Noriega extradited to Panama
Associated Press
PANAMA CITY, Panama
More than two decades after the U.S. forced him from power, Manuel Noriega returned to Panama on Sunday as a prisoner and, to many of those he once ruled with impunity, an irrelevant man.
Some Panamanians feel hatred for the former strongman and rejected American ally; a few others, nostalgia. But as he returned to his native country for the first time since his ouster, it seemed like few people had any strong feelings at all.
There were no legions of admirers at Panama City’s Tocumen airport when the Spanish Iberia airlines’ flight touched down, delivering him from Paris’ La Sante prison after a stopover in Madrid. The crowds in the capital Sunday were of holiday shoppers.

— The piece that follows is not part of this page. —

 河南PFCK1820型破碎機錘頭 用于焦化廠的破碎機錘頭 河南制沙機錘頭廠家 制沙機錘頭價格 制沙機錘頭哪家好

Noriega, who has served drug sentences in the United States and a money- laundering term in France, was whisked by helicopter to the El Renacer prison to serve out three 20-year sentences for the slayings of political opponents in the 1980s. An elevated platform was set up at the prison so journalists could watch him enter, giving Panamanians what likely was their only glimpse of the man who once ran the country like his private fiefdom.
As if to show just how far he has declined, Noriega, once known for his snappy military uniforms and nationalistic swagger, was wheeled into the prison in a wheelchair.